3.2 Analysis of Pair-End Sequencing Reads

Each 3C based protocol present peculiarities likely to generate noise or specific biases in the data. These caveats can be attenuated by an appropriate, specific preprocessing of the data and by proper normalization. Several approaches have been described that aim at correcting biases, or alleviating it to improve the quality of subsequent analysis [1517]. This part presents the main steps to process the 3C-seq data described above. We provide commands and software’s that we currently use. This description is only an illustration of what can be done, since many other bioinformatics tools exist and are available to the community.

3.2.1 Mapping Along the Genomes of the Mixed Species Yeast

  1. 1.

    If there is a reference genome for the species you are studying, recover or generate the fasta file (see Note 17 ). If the genome is unknown, see Marbouty et al. [7]. For the sake of illustration, we will use in the following the file “genomes_yeasts.fa” as the name of the reference genome.

  2. 2.

    Indexing the reference genome. Aligner software such as Bowtie 2 or BWA are needed for this task and routinely used [18]. The first step is to index your reference genome.

    > bowtie2 -build genomes_yeasts.fa genomes_yeasts_index

  3. 3.

    Align each mate (from the file sequences_mate1.fastq) independently using the most sensitive mode of the alignment software. We recommend being very stringent when mapping the reads against the genome (whether from mixed samples of from unique samples) to minimize alignment mistakes (see Note 18 ).

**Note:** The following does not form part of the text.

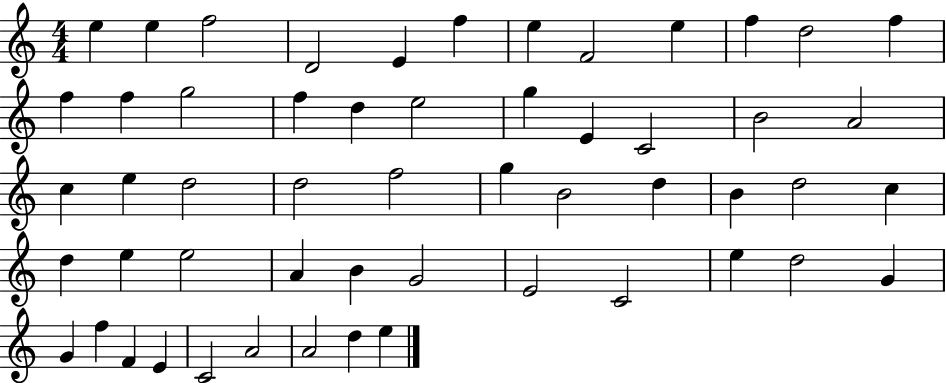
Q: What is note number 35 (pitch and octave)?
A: D5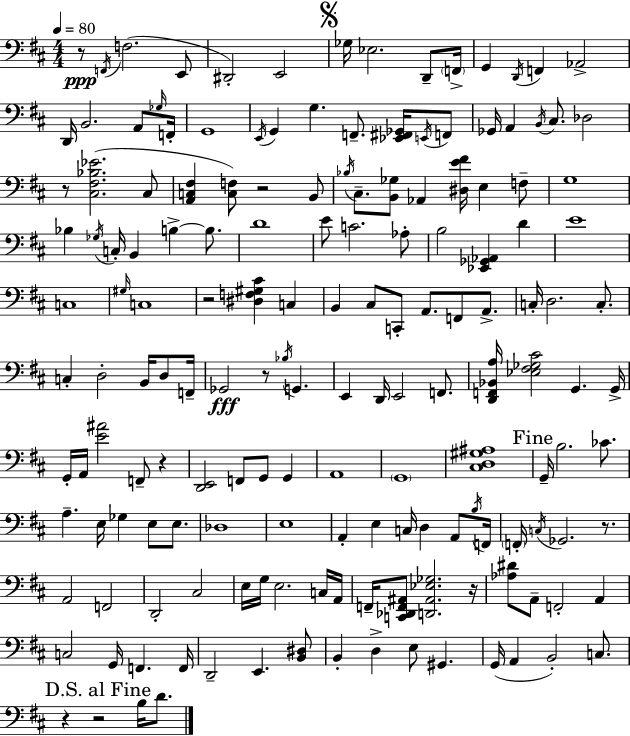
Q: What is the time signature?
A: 4/4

       > bowtie2 -x genomes_yeasts_index -p6 --sam-no-hd --sam-no-sq --quiet --local --very-sensitive-local -S p1.sam sequences_mate1.fastq

       > bowtie2 -x genomes_yeasts_index -p6 --sam-no-hd --sam-no-sq --quiet --local --very-sensitive-local -S p2.sam sequences_mate2.fastq

  4. 4.

    The alignment software generates a SAM file (Sequence Alignment/Map format). You can select and keep the fields relevant for subsequent analysis to save memory space using awk. For instance,

      > awk '{print $1,$3,$4,$2,$5;}' p1.sam > p1.sam.select

      To recover the pair-end information, a convenient and fast way is to use the bash commands “sort” and “paste”:

      > sort -T /path_to_temporary_repository p1.sam.select > p1.sam.select.sorted

      > sort -T /path_to_temporary_repository p2.sam.select > p2.sam.select.sorted

      > paste p1.sam.select.sorted p2.sam.select.sorted > p1_p2.select.merged

    where /path_to_temporary_repository points to a temporary repository where storage space is available for the sort command to be executed.

  5. 5.

    Finally, complete the mapping procedure by filtering ambiguous hits on the genome. Only the pairs of mapped reads with a quality above a certain threshold will be retained (see Note 19 ).

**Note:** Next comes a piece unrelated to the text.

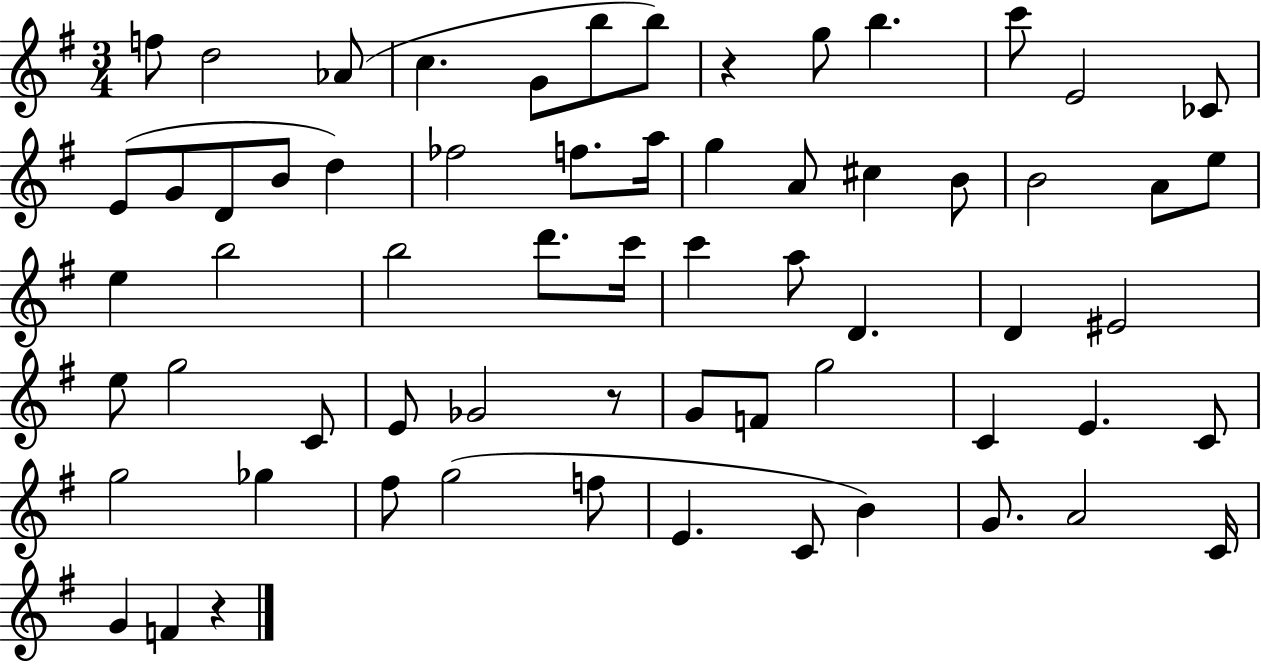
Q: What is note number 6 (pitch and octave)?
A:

      > awk '{$5 > = 40 && $10 > = 40) print $0;}' p1_p2_merged > p1_p2_merged.MQ40

3.2.2 Building the Contact Network

Assign every pair of mapped read on their restriction fragment by crossing the coordinates of the mapped reads with the restriction map of the genome. This can be done for instance with the “restrict” function from the bioinformatics suite EMBOSS (see Note 20 ).

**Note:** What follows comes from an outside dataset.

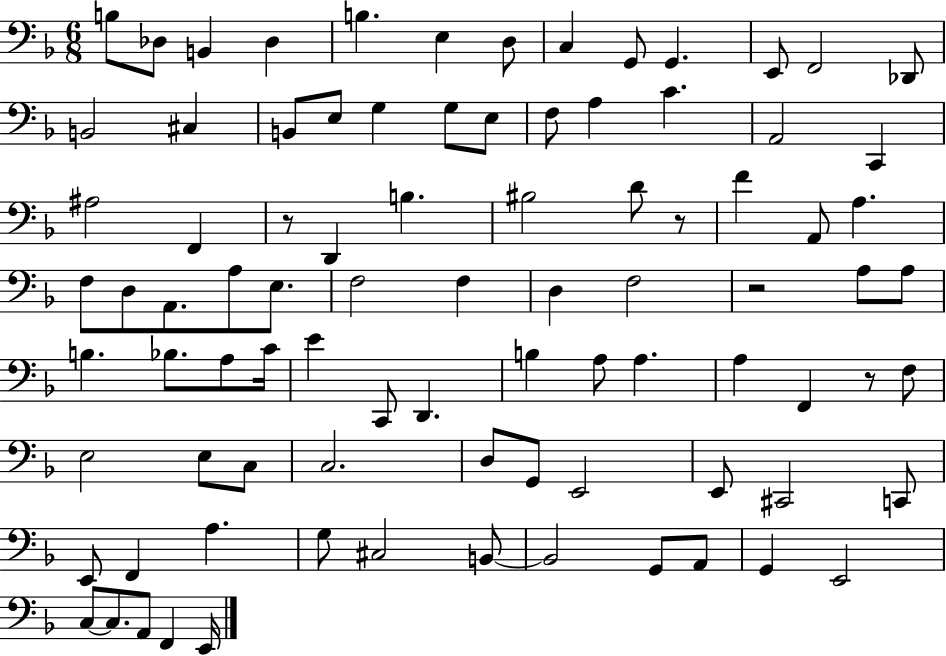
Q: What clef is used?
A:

3.2.3 Filtering Out of Non-informative Contacts and Construction of the Contact Map

  1. 1.

    A possibility that always arise at the ligation step is the formation of a loop from a long DNA molecule that contains a successive of restriction fragments that are not cut by the restriction enzyme. These events can lead to the detection of false long range contacts and to avoid them, it is necessary to filter out some contacts ([16]; Fig. 2). Once this threshold is estimated PE reads that do not present this significant number of RF between them are discarded from the analysis (see Note 21 ).

    Fig. 2
    figure 2

    Distribution of the different types of molecules (green lines) sequenced from a 3C library, plotted as a function of the number of restriction sites (red bars) between the two pair-reads (black arrowheads). Sonicated sites are indicated with black twisted lines. The directionality of the reads according to the coordinates of the reference genome are indicated by + and − symbols and are used to characterize different sub-population in the library (see Cournac et al. [16] for details). If the religation events were truly random between two RFs, each one of the four extremities of two restriction fragments would have the same probability to be ligated with each of the three others. However, because restriction efficiency is far from being 100 % and because of the occurrence of other types of religation events (circularization etc.), neighboring RFs present variations in the distribution of ligation events, with “uncuts” or “loops” events being overrepresented which do not reflect “contact” information but biochemical or physical biases. The grey bar indicates the number of restriction sites needed before all the different categories of events are equally represented within the population, corresponding to molecules that are retained for further analysis

  2. 2.

    To reduce the dimension of the contact map, and alleviate some local variations resulting from the size of RF, neighboring RF can be pooled into “bins” regrouping the sum of contacts of successive RF. These bins can be made either of a fixed number of successive RF, or in a window constant in size (see Note 22 ).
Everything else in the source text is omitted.